Honey has a significantly lesser GI (glycaemic index) compared to table sugar. Most commercially blended honeys have a moderate GI of between 45 and 64 which is lower than sugar – white or brown – at 65. The GI varies with the level of fructose – the more fructose, the lower the GI.
Because fructose does not increase blood glucose and does not require insulin, individuals with diabetes can often tolerate it better than other sugars. In fact, studies show that small amounts of oral fructose may actually improve glycaemic control in people with diabetes as they can help to prevent surges in blood glucose.
Acacia Honey has the highest amount of fructose compared to wildflower and manuka honey. It is beneficial for you to know how different honeys have different properties. In this case, Acacia honey is often sought after amongst diabetic people for its high fructose content; it is the sugar affecting GI levels.
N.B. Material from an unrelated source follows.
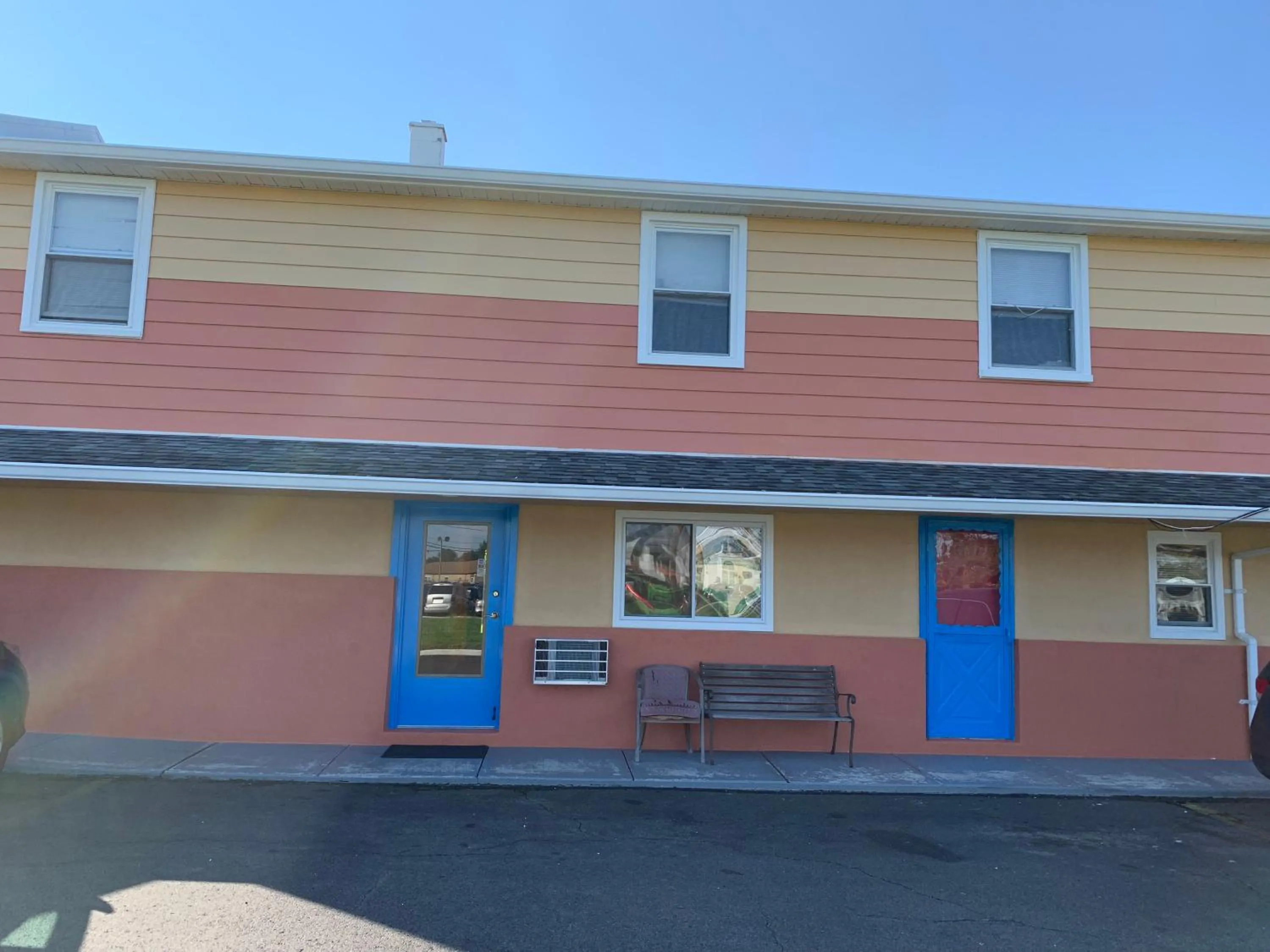 Scottish Inns Wrightstown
To put it into perspective, the glycaemic load per gram fructose is only 19, while that of table sugar is 65.
While the American Diabetes Association recognizes that fructose produces a lower blood glucose response when used in foods in place of sucrose or starch, it does not believe GI to be sufficiently important at this time to merit changes to its existing advice on carbohydrate exchanges. Hence why, it is still important to keep track of your nutrition balance. While there are substitutes out there, be sure to enjoy the sweet life in moderation!